The following diagram illustrates the logical data flow of the backup and replication process. In this case, we are backing up and replicating sample applications that reside in a 3rd party cloud and in the customer's own data center, and copying them to OCI as the target destination.



The following diagram illustrates the physical layout of ZDM servers located in a customer's data center and in a 3rd party cloud provider, with OCI as the target destination for the backup files.
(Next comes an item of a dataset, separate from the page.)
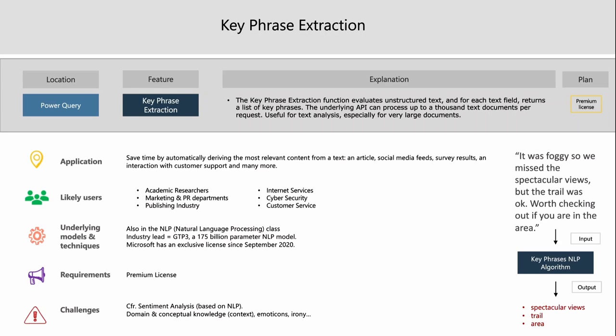Microsoft watches closely who gets access to the GPT-3 API, though it does allow some startups to use the technology. A premium license is also required here. The challenges are the same as sentiment analysis: domain and conceptual knowledge required, issues with emoticons, and irony. An example input sentence returns key phrases such as 'spectacular views,' 'trail,' and 'area.'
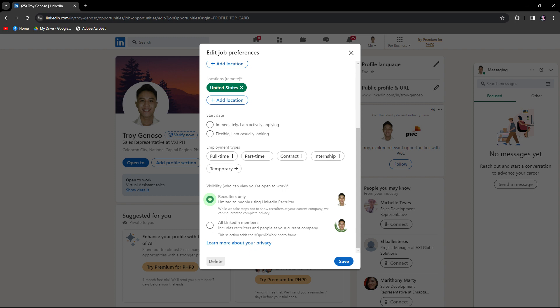LinkedIn allows you to control who can see your open-to-work status. You can customize your privacy settings to choose whether to display this information to all LinkedIn members, only recruiters, or no one.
zconverter-topology-oracle.zip

The architecture has the following components:

  • Region

    An Oracle Cloud Infrastructure region is a localized geographic area that contains one or more data centers, called availability domains. Regions are independent of other regions, and vast distances can separate them (across countries or even continents).

  • Availability domains

    Availability domains are standalone, independent data centers within a region. The physical resources in each availability domain are isolated from the resources in the other availability domains, which provides fault tolerance. Availability domains don’t share infrastructure such as power or cooling, or the internal availability domain network. So, a failure at one availability domain is unlikely to affect the other availability domains in the region.
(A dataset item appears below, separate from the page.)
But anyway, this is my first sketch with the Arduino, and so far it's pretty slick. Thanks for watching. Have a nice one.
  • Virtual cloud network (VCN) and subnets

    A VCN is a customizable, software-defined network that you set up in an Oracle Cloud Infrastructure region. Like traditional data center networks, VCNs give you complete control over your network environment. A VCN can have multiple non-overlapping CIDR blocks that you can change after you create the VCN. You can segment a VCN into subnets, which can be scoped to a region or to an availability domain. Each subnet consists of a contiguous range of addresses that don't overlap with the other subnets in the VCN. You can change the size of a subnet after creation. A subnet can be public or private.

  • Internet gateway

    The internet gateway allows traffic between the public subnets in a VCN and the public internet.
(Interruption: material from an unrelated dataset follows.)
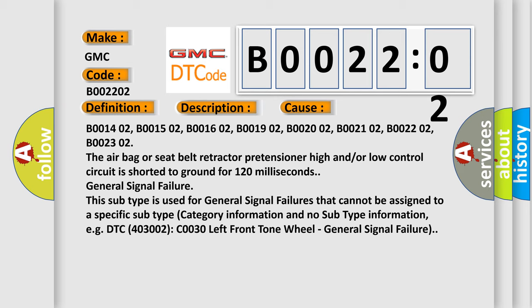General signal failure. This subtype is used for general signal failures that cannot be assigned to a specific subtype category information and no subtype information.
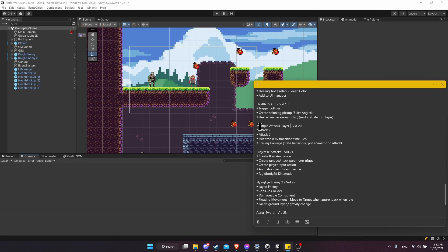In this part we'll be adding extra attacks to the player character. We have a second and third sword swing attack, and we'll make it so we can transition to those new attacks at a specific exit time. We'll create a way to transition from attack one into attack two, then attack two into attack three, using an exit time, a transition time, and a trigger. The second attack will deal more damage than the first, and the third more than the second.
  • Dynamic routing gateway (DRG)

    The DRG is a virtual router that provides a path for private network traffic between a VCN and a network outside the region, such as a VCN in another Oracle Cloud Infrastructure region, an on-premises network, or a network in another cloud provider.

  • Service gateway

    The service gateway provides access from a VCN to other services, such as Oracle Cloud Infrastructure Object Storage. The traffic from the VCN to the Oracle service travels over the Oracle network fabric and never traverses the internet.

  • FastConnect

    Oracle Cloud Infrastructure FastConnect provides an easy way to create a dedicated, private connection between your data center and Oracle Cloud Infrastructure. FastConnect provides higher-bandwidth options and a more reliable networking experience when compared with internet-based connections.

  • Site-to-Site VPN

    Site-to-Site VPN provides IPSec VPN connectivity between your on-premises network and VCNs in Oracle Cloud Infrastructure. The IPSec protocol suite encrypts IP traffic before the packets are transferred from the source to the destination and decrypts the traffic when it arrives.

  • Bastion service

    Oracle Cloud Infrastructure Bastion provides restricted and time-limited secure access to resources that don't have public endpoints and that require strict resource access controls, such as bare metal and virtual machines, Oracle MySQL Database Service, Autonomous Transaction Processing (ATP), Oracle Container Engine for Kubernetes (OKE), and any other resource that allows Secure Shell Protocol (SSH) access. With Oracle Cloud Infrastructure Bastion service, you can enable access to private hosts without deploying and maintaining a jump host. In addition, you gain improved security posture with identity-based permissions and a centralized, audited, and time-bound SSH session. Oracle Cloud Infrastructure Bastion removes the need for a public IP for bastion access, eliminating the hassle and potential attack surface when providing remote access.

  • Load balancer

    The Oracle Cloud Infrastructure Load Balancing service provides automated traffic distribution from a single entry point to multiple servers in the back end.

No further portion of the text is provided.